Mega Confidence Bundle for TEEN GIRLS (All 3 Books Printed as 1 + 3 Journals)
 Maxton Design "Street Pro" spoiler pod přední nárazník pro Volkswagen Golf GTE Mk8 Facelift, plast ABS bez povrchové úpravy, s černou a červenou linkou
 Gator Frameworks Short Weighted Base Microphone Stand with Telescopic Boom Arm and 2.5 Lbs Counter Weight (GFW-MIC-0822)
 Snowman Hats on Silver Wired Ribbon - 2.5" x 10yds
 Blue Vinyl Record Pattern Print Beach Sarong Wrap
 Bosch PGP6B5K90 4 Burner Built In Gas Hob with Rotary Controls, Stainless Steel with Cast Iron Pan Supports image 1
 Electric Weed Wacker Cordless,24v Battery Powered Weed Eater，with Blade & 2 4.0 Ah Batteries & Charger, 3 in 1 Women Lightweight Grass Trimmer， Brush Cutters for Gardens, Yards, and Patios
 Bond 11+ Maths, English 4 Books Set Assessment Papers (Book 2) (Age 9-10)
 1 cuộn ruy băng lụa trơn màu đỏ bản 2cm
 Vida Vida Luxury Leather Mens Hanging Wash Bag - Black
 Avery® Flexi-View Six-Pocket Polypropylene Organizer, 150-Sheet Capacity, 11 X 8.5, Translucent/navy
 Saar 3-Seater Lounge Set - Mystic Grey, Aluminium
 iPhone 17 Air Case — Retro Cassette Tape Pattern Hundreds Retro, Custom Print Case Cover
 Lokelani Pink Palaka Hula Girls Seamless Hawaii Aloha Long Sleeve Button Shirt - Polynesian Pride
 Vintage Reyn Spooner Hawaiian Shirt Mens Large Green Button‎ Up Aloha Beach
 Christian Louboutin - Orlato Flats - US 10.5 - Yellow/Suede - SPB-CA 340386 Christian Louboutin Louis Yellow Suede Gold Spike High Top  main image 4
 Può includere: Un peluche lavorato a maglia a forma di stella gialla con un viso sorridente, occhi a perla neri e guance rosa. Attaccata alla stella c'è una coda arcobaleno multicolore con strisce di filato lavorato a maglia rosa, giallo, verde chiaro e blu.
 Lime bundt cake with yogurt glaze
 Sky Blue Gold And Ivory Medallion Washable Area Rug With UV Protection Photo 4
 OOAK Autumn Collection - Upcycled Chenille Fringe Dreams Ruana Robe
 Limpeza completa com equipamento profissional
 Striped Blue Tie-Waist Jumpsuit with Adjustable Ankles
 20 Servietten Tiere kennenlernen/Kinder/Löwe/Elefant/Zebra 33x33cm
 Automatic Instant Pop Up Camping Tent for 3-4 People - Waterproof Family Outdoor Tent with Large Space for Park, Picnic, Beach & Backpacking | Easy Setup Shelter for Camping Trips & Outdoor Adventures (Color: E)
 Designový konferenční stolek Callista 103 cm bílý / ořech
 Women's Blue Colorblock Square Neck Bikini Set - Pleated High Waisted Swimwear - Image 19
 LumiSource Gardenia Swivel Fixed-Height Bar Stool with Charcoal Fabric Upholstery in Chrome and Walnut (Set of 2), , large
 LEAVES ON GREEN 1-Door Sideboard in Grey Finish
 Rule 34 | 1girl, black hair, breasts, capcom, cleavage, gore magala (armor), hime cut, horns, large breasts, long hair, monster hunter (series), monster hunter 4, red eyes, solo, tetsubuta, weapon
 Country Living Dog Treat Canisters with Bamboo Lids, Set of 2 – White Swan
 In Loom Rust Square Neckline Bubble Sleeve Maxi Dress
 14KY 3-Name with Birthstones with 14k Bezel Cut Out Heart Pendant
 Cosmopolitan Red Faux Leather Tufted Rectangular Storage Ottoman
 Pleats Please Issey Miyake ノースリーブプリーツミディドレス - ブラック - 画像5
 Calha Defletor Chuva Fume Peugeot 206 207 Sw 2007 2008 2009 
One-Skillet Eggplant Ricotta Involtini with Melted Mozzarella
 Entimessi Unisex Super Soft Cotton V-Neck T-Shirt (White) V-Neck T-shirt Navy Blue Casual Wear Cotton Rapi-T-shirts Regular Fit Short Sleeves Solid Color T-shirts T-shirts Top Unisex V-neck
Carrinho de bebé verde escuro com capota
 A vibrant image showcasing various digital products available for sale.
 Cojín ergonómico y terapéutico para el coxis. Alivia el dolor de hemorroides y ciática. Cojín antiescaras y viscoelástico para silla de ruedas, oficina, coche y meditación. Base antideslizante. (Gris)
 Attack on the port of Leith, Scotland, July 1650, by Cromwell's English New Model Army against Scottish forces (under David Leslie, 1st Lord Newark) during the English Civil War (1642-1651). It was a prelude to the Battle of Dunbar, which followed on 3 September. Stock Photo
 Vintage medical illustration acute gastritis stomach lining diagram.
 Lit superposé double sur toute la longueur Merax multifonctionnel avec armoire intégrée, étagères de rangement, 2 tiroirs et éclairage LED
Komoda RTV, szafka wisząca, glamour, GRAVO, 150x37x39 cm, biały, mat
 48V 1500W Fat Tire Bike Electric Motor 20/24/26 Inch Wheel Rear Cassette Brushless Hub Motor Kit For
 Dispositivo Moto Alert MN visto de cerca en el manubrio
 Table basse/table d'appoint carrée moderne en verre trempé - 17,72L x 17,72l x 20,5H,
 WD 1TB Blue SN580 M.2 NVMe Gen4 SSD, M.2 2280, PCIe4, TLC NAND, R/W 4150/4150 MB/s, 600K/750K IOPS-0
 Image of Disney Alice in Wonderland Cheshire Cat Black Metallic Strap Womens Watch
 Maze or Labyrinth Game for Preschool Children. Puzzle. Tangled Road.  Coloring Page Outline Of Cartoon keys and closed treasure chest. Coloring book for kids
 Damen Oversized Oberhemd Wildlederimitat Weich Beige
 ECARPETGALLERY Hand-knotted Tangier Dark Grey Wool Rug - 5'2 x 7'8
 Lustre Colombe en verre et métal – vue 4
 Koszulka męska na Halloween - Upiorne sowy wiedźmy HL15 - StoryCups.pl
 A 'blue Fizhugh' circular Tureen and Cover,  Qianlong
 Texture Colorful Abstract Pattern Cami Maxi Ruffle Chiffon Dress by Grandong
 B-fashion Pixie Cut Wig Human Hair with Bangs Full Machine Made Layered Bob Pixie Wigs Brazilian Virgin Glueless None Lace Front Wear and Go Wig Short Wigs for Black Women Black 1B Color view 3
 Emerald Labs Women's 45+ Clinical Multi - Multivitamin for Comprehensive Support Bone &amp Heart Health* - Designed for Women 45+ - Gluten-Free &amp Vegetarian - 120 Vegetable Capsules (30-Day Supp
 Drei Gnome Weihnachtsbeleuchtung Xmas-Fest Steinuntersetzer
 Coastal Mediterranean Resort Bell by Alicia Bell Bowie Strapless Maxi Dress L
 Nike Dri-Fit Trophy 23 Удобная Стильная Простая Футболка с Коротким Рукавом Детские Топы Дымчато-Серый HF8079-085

● **Problem details**: In the listing above, transcribe exactly everything from the line containing "Vintage Reyn Spooner" down to the line containing "Designový konferenční stolek", including both and nothing more.

● **Your solution**:
 Vintage Reyn Spooner Hawaiian Shirt Mens Large Green Button‎ Up Aloha Beach
 Christian Louboutin - Orlato Flats - US 10.5 - Yellow/Suede - SPB-CA 340386 Christian Louboutin Louis Yellow Suede Gold Spike High Top  main image 4
 Può includere: Un peluche lavorato a maglia a forma di stella gialla con un viso sorridente, occhi a perla neri e guance rosa. Attaccata alla stella c'è una coda arcobaleno multicolore con strisce di filato lavorato a maglia rosa, giallo, verde chiaro e blu.
 Lime bundt cake with yogurt glaze
 Sky Blue Gold And Ivory Medallion Washable Area Rug With UV Protection Photo 4
 OOAK Autumn Collection - Upcycled Chenille Fringe Dreams Ruana Robe
 Limpeza completa com equipamento profissional
 Striped Blue Tie-Waist Jumpsuit with Adjustable Ankles
 20 Servietten Tiere kennenlernen/Kinder/Löwe/Elefant/Zebra 33x33cm
 Automatic Instant Pop Up Camping Tent for 3-4 People - Waterproof Family Outdoor Tent with Large Space for Park, Picnic, Beach & Backpacking | Easy Setup Shelter for Camping Trips & Outdoor Adventures (Color: E)
 Designový konferenční stolek Callista 103 cm bílý / ořech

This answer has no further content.